SAFE recently completed an internal evaluation of our programs, and the results are exciting! Check out an overview of what we found below:
Background: Too little progress has been made in reducing maternal and perinatal mortality in Uganda since 2000, partly resulting from poor utilization of maternal healthcare services and poor facility infrastructure. Safe Mothers, Safe Babies (SAFE) addresses these deficiencies through an integrated intervention package targeting the three delays (Thaddeus and Maine), including: (1) increasing demand through participatory educational outreach with community groups; (2) improving access through motorcycle ambulances and personal savings programs; and (3) using innovative low-cost technology to improve quality of care through strengthening facility infrastructure, commodities, and medical training.
Objective: To evaluate whether Safe Mothers, Safe Babies’ approach has improved utilization of delivery care in target health facilities.
Data and Methods: We conducted a cross-sectional quantitative and qualitative evaluation through: secondary health data from 4 intervention and 3 control facilities assessing change in the number of monthly health center deliveries and distribution of types of obstetric emergency and related maternal referrals; qualitative data from 49 key informant interviews assessing program quality; a photovoice project conducted by program beneficiaries assessing community views; and six months of field notes from observing obstetric care in 14 facilities.
Results: Intervention facilities experienced a 40.63% average increase in health center deliveries 24 months after the intervention package, which three control facilities did not experience (t(5)=-2.8, p=0.038).
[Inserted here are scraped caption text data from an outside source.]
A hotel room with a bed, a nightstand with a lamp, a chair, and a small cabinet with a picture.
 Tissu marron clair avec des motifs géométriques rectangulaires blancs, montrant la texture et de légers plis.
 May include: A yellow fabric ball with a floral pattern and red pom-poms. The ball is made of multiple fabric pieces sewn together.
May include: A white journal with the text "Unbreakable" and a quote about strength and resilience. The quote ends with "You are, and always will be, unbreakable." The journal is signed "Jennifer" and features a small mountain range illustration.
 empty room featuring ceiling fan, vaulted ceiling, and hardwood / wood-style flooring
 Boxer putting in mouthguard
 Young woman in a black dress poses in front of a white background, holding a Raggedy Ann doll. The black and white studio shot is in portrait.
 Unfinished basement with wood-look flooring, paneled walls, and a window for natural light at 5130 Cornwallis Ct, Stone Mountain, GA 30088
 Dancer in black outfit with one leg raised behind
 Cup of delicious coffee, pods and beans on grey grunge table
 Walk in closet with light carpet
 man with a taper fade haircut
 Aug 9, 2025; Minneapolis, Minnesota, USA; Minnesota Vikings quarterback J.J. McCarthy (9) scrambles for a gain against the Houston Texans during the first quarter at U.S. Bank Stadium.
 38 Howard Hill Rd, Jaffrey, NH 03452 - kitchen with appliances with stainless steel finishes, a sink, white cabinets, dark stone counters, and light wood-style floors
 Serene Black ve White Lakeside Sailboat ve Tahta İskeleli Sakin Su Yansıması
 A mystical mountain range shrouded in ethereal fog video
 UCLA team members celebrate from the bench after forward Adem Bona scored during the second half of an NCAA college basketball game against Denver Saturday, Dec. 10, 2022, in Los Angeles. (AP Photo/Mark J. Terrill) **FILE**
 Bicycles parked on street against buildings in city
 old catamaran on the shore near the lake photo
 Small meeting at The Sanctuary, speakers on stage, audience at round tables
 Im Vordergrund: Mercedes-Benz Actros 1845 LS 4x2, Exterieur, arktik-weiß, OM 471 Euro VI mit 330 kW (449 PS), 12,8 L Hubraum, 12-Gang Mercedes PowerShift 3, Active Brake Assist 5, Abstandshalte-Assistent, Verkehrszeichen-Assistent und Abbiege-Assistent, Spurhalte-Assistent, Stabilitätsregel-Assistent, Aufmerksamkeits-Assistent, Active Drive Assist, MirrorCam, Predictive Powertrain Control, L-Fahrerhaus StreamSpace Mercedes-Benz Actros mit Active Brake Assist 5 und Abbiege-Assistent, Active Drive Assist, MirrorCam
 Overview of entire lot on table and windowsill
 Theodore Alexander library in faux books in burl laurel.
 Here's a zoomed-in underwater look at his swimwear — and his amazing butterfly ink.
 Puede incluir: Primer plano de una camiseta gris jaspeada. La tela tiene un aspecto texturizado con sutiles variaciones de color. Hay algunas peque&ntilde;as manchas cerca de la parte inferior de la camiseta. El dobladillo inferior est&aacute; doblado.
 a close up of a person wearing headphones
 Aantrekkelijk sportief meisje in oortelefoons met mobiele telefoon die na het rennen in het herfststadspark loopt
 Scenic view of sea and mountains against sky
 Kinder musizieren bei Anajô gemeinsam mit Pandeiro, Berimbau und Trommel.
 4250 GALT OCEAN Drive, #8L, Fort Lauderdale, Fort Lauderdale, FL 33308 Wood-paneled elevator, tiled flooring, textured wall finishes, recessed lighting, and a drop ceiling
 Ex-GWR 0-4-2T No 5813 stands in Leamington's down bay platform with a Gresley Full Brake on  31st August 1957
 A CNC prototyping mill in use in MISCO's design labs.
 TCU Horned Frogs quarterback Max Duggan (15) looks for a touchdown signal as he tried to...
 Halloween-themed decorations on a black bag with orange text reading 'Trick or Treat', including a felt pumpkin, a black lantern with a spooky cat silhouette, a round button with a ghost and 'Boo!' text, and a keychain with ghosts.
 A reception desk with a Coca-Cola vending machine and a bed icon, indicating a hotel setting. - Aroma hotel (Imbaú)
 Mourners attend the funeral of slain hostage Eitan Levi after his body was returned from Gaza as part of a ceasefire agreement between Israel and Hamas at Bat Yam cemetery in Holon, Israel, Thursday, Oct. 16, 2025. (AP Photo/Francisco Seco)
This was confirmed by results from key informant interviews, which reported increased utilization of healthcare services in addition to satisfaction with all types of three delay projects.
Discussion and Implications: The intervention package has effectively improved the utilization of delivery care in target health facilities by addressing the three delays. This demonstrates a successful way that the three delays model can be united with community-based and facility-based approaches to improve maternal and child health, both in Uganda and potentially elsewhere.